[[ Available data open ]]
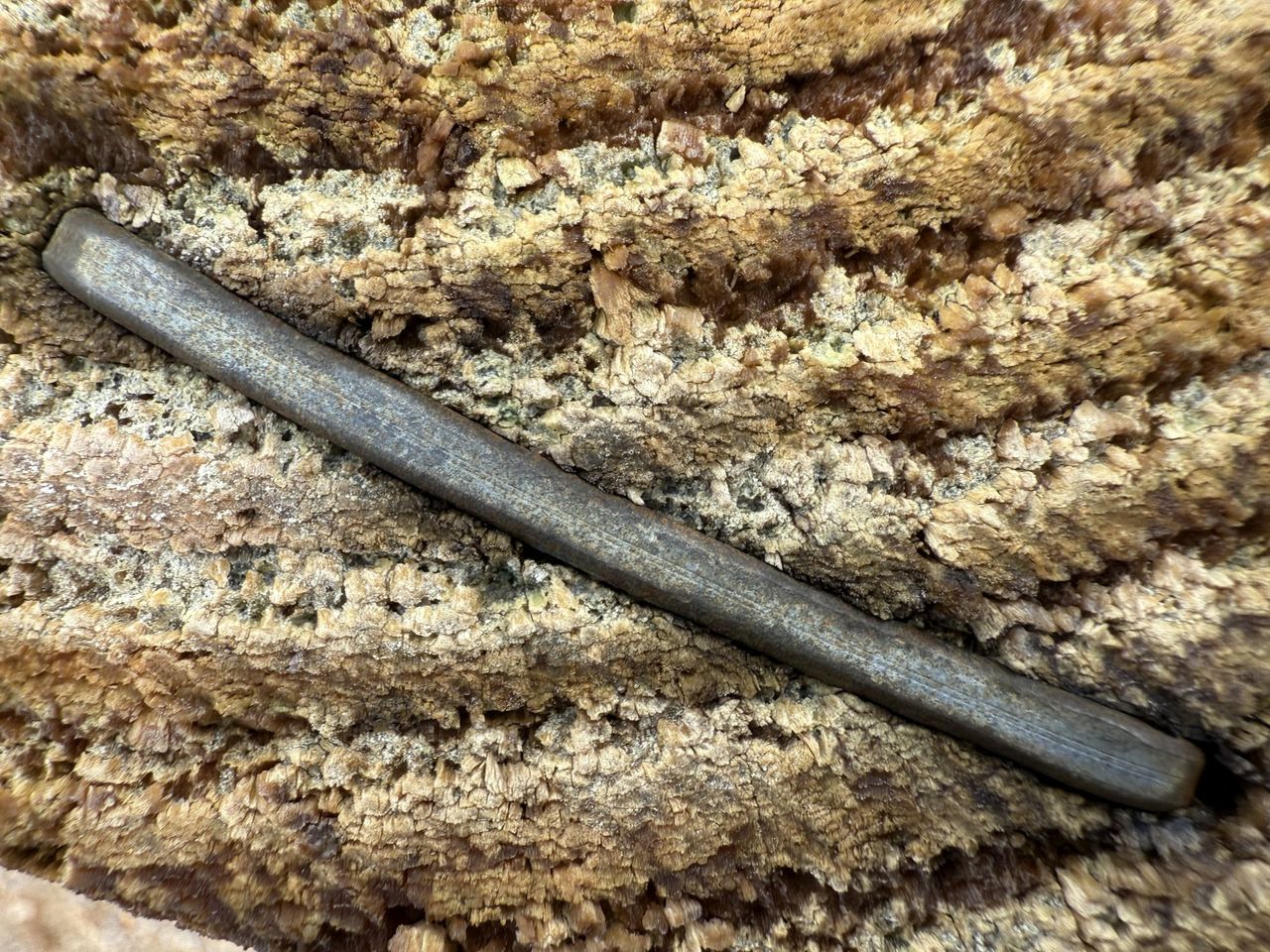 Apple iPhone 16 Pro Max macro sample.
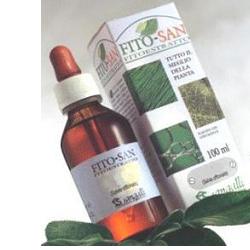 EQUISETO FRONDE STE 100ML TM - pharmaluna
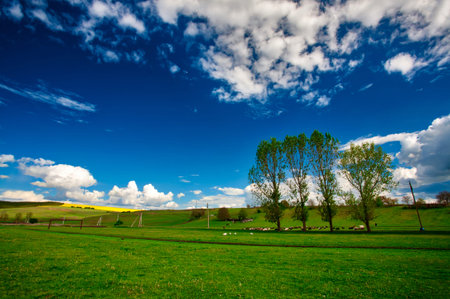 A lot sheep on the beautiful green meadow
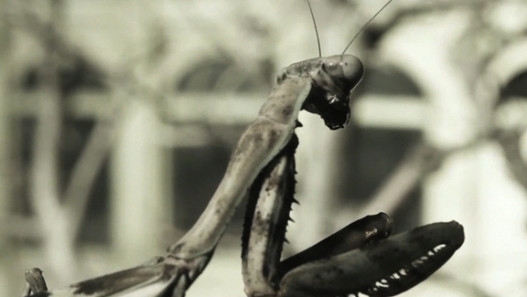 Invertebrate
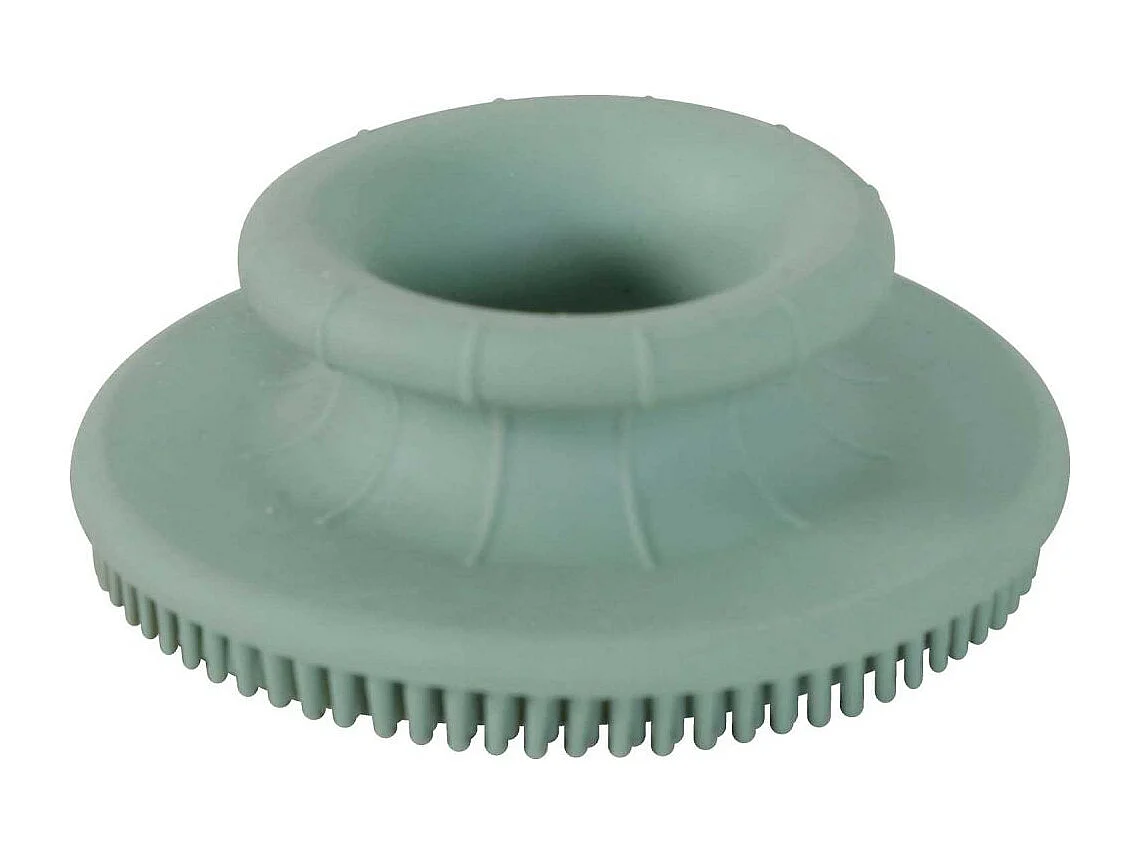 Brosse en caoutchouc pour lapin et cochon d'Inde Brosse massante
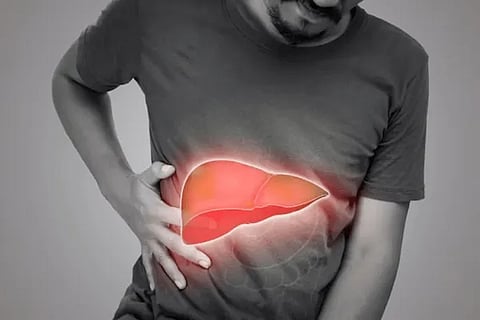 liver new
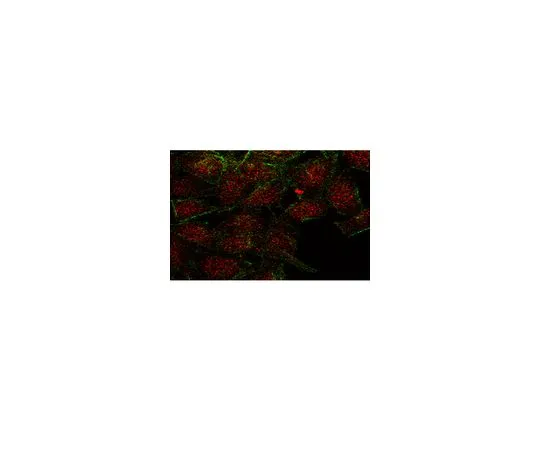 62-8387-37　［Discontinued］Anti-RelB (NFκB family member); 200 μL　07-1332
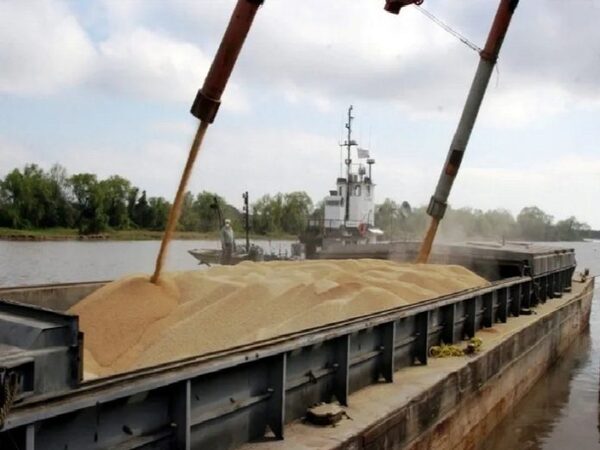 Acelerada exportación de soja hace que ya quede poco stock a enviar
[[ Available data closed ]]
Work item :: Begin at the line with "62-8387-37　［Discontinued］Anti-RelB (NFκB family" and retype exactly every line through the last one of the entries above, both included, and nothing more; pictures stay out.

Answer section ::
 62-8387-37　［Discontinued］Anti-RelB (NFκB family member); 200 μL　07-1332
 Acelerada exportación de soja hace que ya quede poco stock a enviar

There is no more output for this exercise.